El placer que produce
el vino no es muy distinto al que genera el arte gráfico, la escultura o la
arquitectura, sin embargo, no podemos encontrar un gran vino disponible para su
cata en un museo, en una glorieta o al pasar por la calle. Hace muchos años que
el concierto o la puesta en escena son accesibles a la mayoría. La obra de arte
cinematográfica cuesta menos que el blockbuster,
la poesía se regala y la invitación dancística tiene sus espacios. No sostengo
por ello que la cultura está suficientemente bien promovida, fomentada o
administrada, pero el que desea mojar sus zapatos puede a menudo dejarse
salpicar por lo que rocían las fuentes que ocupan nuestras plazas.
Desgraciadamente, el caldo que
conmueve es patrimonio de quien puede costearlo (o del que tiene la suerte de estar
cerca de quien puede). No es un producto democrático. Es exclusivo, por lo
tanto, antipático. Está destinado a desaparecer ante un mínimo capricho de nuestro
frágil sistema global. La sofisticación es tanto privilegio de la decadencia como el
arte es fruto de la opulencia, al menos en cuanto a que la saciedad llega con
el regalo de la tregua: cuando está llena la barriga de los hijos nos queda
tiempo para pensar, para crear… también para observar o explorar. Luego de un
debate intenso, lo que el ser humano esgrimiría ante su extintor sería la
pureza de su espíritu creativo, el mismo que generó el concepto del amor, o del
sacrificio. Al menos eso soñé luego de una noche de televisión sobre catástrofes
mayas e invasiones extraterrestres.
El refinamiento es una búsqueda
inmemorial: me gusta pensar que la belleza ―en
su sentido más amplio― es lo único que puede ordenar el
universo. Es posible que usted, caro lector, sienta que ―en
el mejor de los casos― es un disparate proponer que el jugo
fermentado de la uva tiene lugar en un escarceo sobre estética o que puede dar
sentido a nuestra existencia. Si este es su caso no voy a contradecirlo, le
sugiero que ponga en el lugar del vino su manifestación humana favorita, quizás
así estas ideas encuentren pertinencia.
La cuestión es que cuando se está
cerca de un alma lujosa, la fortuna siente ganas de presumir: una vertical de
tres añadas consecutivas de Termanthia, incluida la 2004, es una experiencia a
la que, idealmente, tanto el arrepentido cazaelefantes como el ciudadano de a
pie deberían tener derecho a presentarse: hacer fila para pasar frente a las copas,
al menos olfatearlas y comprar un suvenir.
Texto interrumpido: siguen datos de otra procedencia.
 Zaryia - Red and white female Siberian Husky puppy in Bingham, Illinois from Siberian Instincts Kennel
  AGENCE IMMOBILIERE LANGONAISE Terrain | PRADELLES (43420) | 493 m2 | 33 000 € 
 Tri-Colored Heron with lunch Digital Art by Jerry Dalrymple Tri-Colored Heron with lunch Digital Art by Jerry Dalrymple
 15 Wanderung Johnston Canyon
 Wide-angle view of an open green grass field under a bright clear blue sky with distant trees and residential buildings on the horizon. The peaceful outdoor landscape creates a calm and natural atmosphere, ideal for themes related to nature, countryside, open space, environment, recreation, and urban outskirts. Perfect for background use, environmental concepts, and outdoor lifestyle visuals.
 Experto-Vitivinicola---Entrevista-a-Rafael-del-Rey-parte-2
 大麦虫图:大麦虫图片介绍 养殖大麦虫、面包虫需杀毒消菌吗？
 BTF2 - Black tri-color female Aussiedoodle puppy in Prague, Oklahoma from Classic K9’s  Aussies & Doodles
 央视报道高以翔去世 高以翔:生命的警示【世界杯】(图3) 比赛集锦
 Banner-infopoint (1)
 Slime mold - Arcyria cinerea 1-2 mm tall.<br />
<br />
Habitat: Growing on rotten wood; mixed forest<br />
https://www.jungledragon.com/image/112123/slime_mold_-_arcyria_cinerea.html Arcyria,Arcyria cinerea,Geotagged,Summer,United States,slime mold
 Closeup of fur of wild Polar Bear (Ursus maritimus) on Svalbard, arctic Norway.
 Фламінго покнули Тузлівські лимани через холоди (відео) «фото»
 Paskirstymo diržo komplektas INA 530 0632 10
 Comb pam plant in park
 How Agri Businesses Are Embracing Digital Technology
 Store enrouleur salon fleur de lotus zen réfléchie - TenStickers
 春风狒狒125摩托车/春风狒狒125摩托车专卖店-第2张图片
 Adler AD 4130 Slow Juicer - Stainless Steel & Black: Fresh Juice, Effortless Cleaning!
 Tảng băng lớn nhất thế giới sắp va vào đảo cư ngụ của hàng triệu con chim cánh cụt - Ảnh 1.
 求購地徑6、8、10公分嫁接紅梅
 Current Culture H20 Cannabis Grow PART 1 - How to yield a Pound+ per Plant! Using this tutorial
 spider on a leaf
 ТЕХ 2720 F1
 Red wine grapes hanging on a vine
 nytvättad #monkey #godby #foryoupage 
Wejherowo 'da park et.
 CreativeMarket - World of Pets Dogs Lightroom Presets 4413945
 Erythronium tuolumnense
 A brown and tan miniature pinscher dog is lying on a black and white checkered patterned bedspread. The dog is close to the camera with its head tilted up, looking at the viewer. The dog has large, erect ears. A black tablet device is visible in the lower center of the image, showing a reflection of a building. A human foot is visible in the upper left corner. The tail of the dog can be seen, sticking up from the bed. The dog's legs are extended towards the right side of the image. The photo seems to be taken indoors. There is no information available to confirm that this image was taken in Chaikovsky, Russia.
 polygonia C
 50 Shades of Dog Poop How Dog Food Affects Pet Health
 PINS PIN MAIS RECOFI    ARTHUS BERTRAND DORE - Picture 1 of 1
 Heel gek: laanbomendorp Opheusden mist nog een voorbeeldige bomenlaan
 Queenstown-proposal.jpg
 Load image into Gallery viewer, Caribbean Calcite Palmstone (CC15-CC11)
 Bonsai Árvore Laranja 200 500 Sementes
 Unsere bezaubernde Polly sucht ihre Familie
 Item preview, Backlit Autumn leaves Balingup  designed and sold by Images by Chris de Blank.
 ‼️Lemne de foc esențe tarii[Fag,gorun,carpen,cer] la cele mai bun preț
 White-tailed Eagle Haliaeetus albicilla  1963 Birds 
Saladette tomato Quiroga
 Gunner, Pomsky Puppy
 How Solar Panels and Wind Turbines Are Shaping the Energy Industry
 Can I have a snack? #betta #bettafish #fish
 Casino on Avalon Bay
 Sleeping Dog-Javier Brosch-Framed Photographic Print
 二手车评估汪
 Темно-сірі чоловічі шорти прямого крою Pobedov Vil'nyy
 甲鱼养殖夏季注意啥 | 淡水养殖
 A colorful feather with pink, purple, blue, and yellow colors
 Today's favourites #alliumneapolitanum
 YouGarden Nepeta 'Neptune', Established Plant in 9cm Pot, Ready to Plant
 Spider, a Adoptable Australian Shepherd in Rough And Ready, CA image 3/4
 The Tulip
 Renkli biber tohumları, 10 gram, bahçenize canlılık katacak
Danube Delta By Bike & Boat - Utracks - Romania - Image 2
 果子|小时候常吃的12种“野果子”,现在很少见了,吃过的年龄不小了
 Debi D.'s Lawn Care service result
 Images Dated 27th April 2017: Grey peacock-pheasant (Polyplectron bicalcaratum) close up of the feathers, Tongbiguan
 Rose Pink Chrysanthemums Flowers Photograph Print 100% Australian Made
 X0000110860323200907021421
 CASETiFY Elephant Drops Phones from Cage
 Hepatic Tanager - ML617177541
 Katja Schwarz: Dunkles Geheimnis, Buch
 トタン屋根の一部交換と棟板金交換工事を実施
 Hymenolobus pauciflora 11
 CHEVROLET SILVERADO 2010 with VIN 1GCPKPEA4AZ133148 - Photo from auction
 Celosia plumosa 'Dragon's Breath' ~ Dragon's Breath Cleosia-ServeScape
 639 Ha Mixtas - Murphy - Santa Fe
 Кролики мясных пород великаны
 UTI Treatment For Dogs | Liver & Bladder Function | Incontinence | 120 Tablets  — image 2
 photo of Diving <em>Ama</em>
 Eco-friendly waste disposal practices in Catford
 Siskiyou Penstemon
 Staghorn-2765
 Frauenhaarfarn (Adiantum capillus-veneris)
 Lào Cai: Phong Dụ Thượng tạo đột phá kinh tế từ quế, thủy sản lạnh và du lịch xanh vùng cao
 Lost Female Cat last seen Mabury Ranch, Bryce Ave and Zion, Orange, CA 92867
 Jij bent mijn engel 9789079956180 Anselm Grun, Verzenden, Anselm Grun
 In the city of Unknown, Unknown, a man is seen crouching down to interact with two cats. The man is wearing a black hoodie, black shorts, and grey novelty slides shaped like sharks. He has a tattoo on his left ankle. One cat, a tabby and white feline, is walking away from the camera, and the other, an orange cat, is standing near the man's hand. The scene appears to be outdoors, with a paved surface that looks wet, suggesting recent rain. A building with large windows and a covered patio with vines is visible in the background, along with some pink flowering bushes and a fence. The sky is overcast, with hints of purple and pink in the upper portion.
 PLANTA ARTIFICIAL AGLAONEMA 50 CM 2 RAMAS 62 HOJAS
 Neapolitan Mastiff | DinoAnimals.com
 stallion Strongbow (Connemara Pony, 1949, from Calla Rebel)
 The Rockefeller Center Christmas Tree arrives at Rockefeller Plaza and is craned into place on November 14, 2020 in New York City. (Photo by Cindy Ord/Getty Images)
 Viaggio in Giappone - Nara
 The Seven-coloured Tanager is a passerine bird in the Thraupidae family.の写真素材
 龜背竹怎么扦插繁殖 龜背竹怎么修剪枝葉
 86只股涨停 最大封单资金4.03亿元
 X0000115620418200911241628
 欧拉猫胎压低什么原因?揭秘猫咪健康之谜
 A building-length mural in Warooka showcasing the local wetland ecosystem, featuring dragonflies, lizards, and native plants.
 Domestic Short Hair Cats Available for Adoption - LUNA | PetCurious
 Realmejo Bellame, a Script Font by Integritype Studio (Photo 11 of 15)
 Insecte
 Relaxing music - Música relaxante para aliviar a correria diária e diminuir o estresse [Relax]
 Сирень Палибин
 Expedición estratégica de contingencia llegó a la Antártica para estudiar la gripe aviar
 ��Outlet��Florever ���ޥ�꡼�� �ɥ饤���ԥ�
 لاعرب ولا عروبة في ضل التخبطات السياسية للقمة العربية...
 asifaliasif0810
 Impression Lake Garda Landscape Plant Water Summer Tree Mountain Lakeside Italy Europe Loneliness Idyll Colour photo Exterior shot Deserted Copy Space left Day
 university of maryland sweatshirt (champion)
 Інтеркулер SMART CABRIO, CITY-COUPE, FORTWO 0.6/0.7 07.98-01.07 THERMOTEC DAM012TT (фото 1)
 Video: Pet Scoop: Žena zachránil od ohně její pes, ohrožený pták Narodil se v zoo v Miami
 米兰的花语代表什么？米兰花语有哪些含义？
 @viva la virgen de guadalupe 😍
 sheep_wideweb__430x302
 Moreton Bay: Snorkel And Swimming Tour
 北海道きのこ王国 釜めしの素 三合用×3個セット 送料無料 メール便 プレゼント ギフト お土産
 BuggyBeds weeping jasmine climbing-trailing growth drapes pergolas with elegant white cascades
Nadie puede llevarse a su casa Las meninas pero su exhibición
contribuye a su carácter referencial.
Se desmarca a menudo el hombre de la
perfección: es soberbia. A su producto, sin embargo, se le permite hablar más
libremente de su genio. El único defecto
que se encuentra en el Termanthia 2004 es que su esfera arquetípica está
dibujada antes por sus hermanos más viejos: para hallar los pixeles menos
definidos en 2002 y 2003 hay que hacer un zoom de relojero; si bien éstas no se
reconocen como muy buenas cosechas en la ya mítica denominación zamorana, los
orfebres que las delinearon deben tener un pacto mágico con la tierra, con el
sol y con el agua.
Según el afamado crítico Robert
Parker, sólo diez tintos en el mundo alcanzaron la excelsitud en el 2004: los
100 puntos en una escala que va de 50 a 100. Termanthia ―de
la bodega toresana Numanthia, en aquel entonces aún parte del grupo Eguren― fue uno de ellos. Definirlo, hacer una nota de
cata, en los términos que se han expuesto aquí sería como tratar de explicar en cuatro palabras El principito o la Gran Misa de Bach. Digamos que su excelencia absoluta radica en la
ausencia de defectos y en tres virtudes notables: la definición de sus
elementos (cromáticos, aromáticos, gustativos, que lo hacen absolutamente
singular), la armonía entre ellos y la emoción que produce.
Es un bálsamo saber que si bien no
soy capaz de producir algo impecable, el espíritu humano ―por
medio del arte al menos― puede ofrecernos un sorbo de perfección.